Her solution for finding an end to the impeachment mess is a proposal that would not use the legal words cited in the articles of impeachment, but implicate the president in wrongdoing nonetheless, a so-called "findings of fact," reports CBS News Correspondent Phil Jones.

Instead of perjury, the president would be accused of "willfully providing false and misleading testimony to a grand jury."

Instead of obstruction of justice, words like "wrongfully engaged in conduct to delay discovery—coverup evidence—and alter testimony in a federal lawsuit" would be used.
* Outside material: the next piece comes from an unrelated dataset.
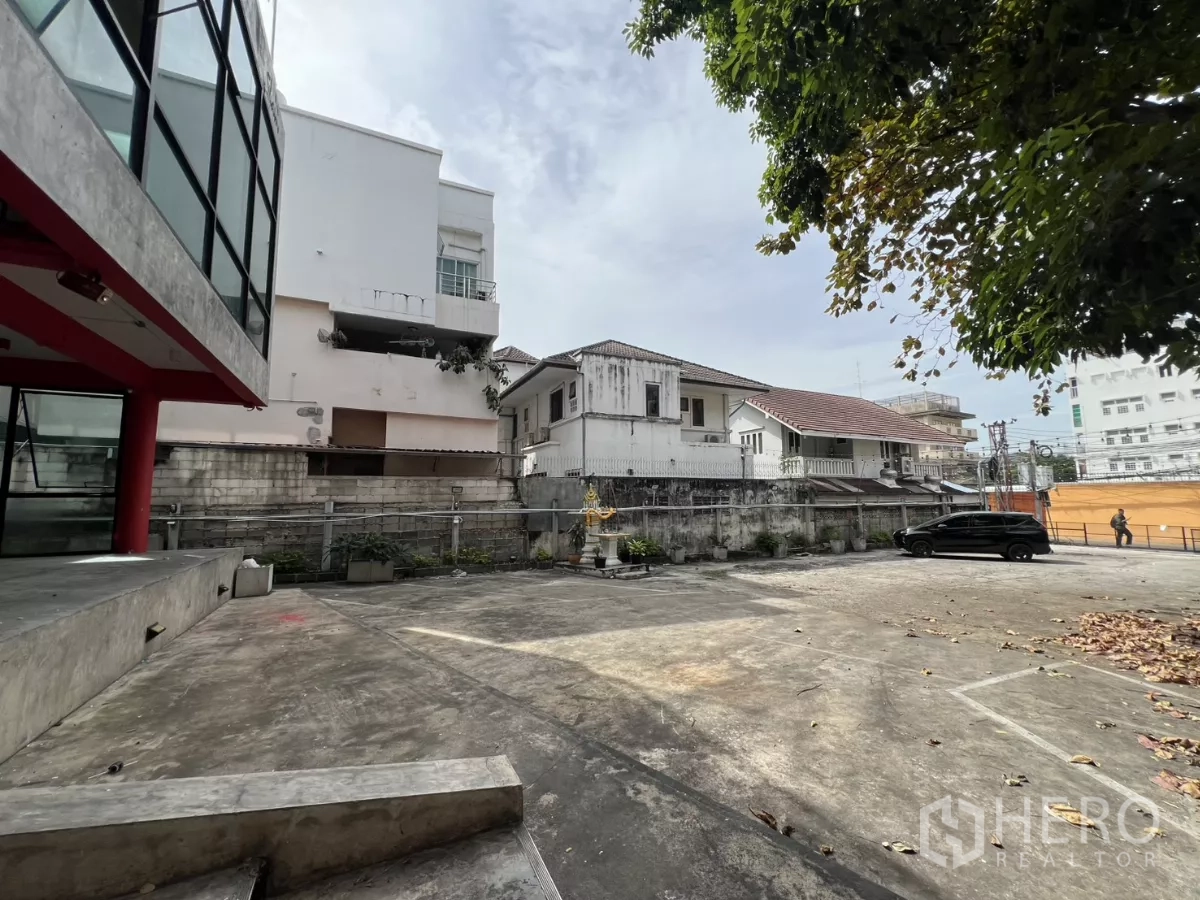 独立商业地产 出租在Din Daeng, Bangkok - 树荫下的大型前场停车区，邻近玻璃立面建筑。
Votes on findings would come forward before senators voted on the actual articles of impeachment and it would take only 51 votes to pass.

The proposal has caused the White House to go ballistic, attacking those pushing the "findings" idea.

"It is unconstitutional," White House spokesman Joe Lockhart said.

Lanny Davis, one of the president's lawyers, even called a Maine radio station to ridicule callers and Sen. Collins.

"You are frustrated and in a minority of hating Bill Clinton. As a minority of this country, you are willing to subscribe to a kangaroo court like process that Sen. Collins has proposed," Davis said.

What would be the political and legal impact of "findings of fact?"

"It would be an additional stain on the president and that is why they don't like it," Michael Gerhardt, an impeachment scholar, said.